|Photo Creds to http://cheezburger.com/View/2940123648|
Every Saturday I go to the Music Institute of Chicago to wait for my little sister to finish with her violin lessons. And every Saturday it seems like the same kid sits next to me in the waiting room, opens a green binder labeled “Pre-Calculus,” stares at a page of notes for exactly two minutes, active reads half of a book (yes, it’s different each time), and then takes out his music and hums quietly to himself. Yes, all of this occurs in approximately 45 minutes while he waits for his teacher to call for him.
If you were curious, this week’s literary work was Hamlet.
Considering that I see this kid every Saturday, I decided to make a friend and break the awkward ice that always occurs since we always end up sitting next to each other every single Saturday.
“Hi, I’m Sarah. I noticed you come here—”
“Yeah, I have a lesson.”
Enter a good 10 minutes of silence. Why am I so awkward? I’d like to know that, too.
So I took out my assignment notebook and was busy crossing out my English homework pretending to be productive when the kid looks at the cover of my notebook and asks, “You’re from Glenbrook North?”
Extremely happy that he decided to break the silence, I took the opportunity to respond with, “Yeah, I am. Which school are you from?”
“New Trier.
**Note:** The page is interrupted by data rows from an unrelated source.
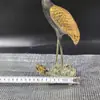 Adornos Antiguos de Tortuga y Grulla con Dorado para Cumpleaños de Personas Mayores Decoración para Sala de Estar China Adornos para el Hogar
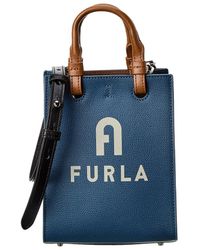Furla - Varsity Style Mini N/s Leather Tote - Lyst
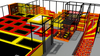 Red and yellow color combination Trampoline Park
But I’m actually a transfer student from Spain.”
“Oh, wow, you don’t have an accent!”
Why do I always say the wrong things at the wrong time?
Trying to not sound completely stupid, I added, “I mean, like, you know, for, uh…”
That definitely helped.
Luckily, his teacher decided to come just at the right moment and call for him.
He reached for a handshake with his left hand.
I reached for a handshake with my right.
Seeing that the handshake wouldn’t work out, he simply said, “Well, it was nice talking to you, Sarah. Also, your pencil case is spilling right now.”
“Oh, well, yeah, thanks…”
I cleaned up my pencil case and swore I’d never try to make small talk with people who open green binders labeled “Pre-Calculus,” stare at notes for two minutes, active read crazy hard books, and hum their violin music to themselves again.
But I mean, chances are, I’ll end up talking to the kid again.
Because who doesn’t want a friend from Spain?